Assignment: Beginning with the line below that contains "Travis Buhr’s Peterbilt" and ending with the line that contains "2-местен градински диван", retype every line exactly. Pictures are not copied.

Supplied entries:
--- START ---

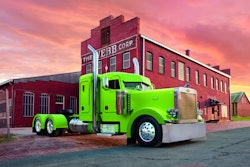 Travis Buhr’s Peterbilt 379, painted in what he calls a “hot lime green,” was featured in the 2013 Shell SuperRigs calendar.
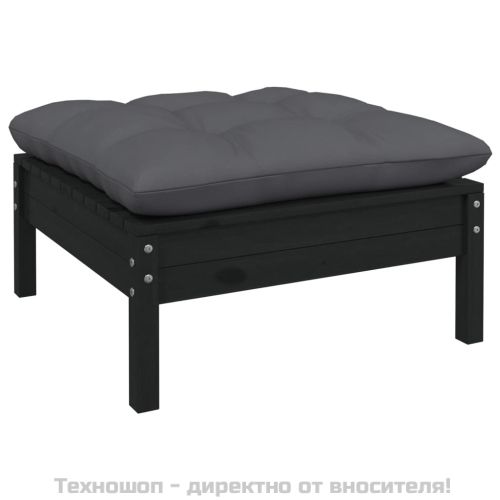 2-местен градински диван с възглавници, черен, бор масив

--- END ---
--- START ---

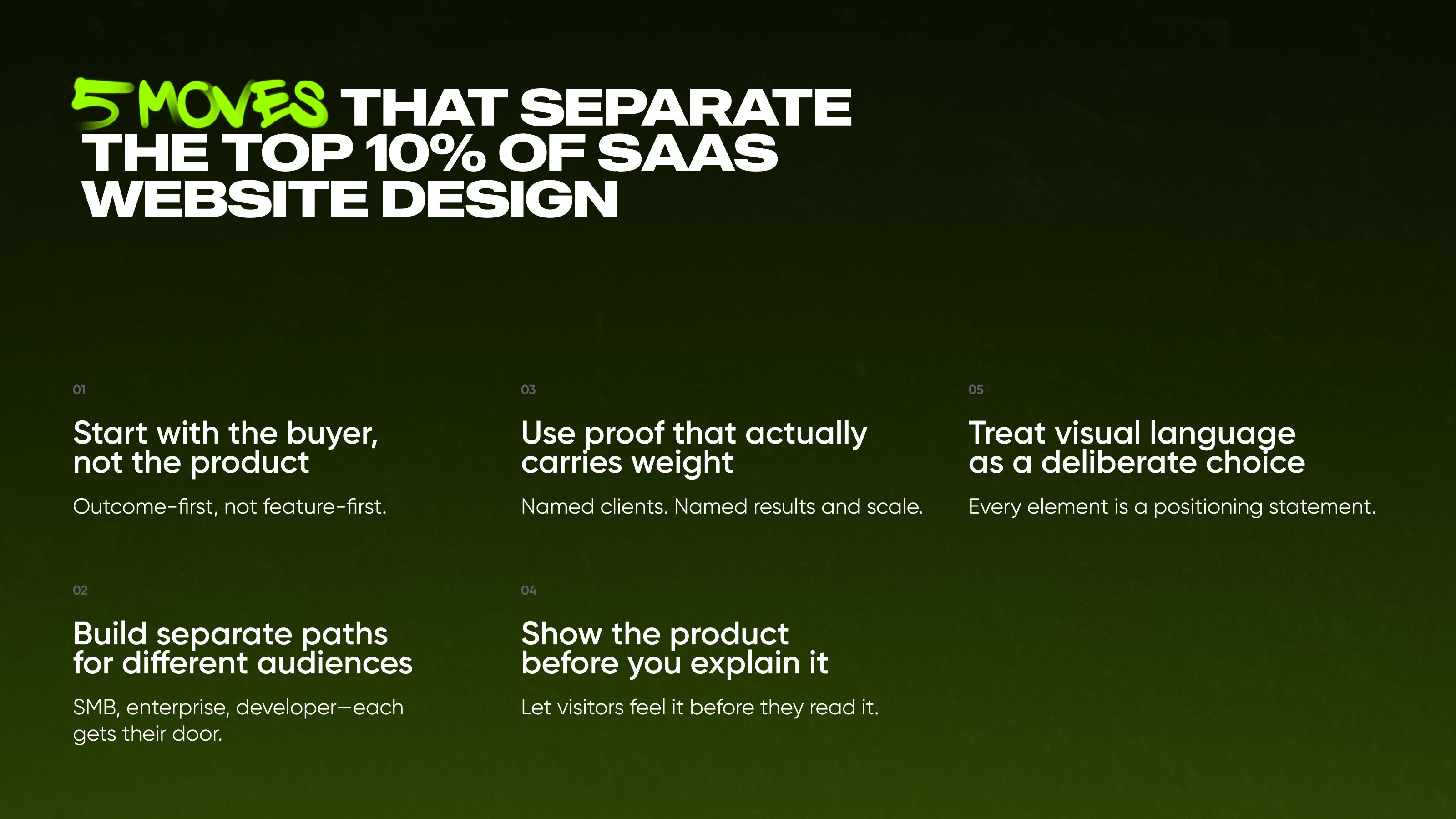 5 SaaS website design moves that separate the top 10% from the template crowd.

--- END ---

Answer box:
 Travis Buhr’s Peterbilt 379, painted in what he calls a “hot lime green,” was featured in the 2013 Shell SuperRigs calendar.
 2-местен градински диван с възглавници, черен, бор масив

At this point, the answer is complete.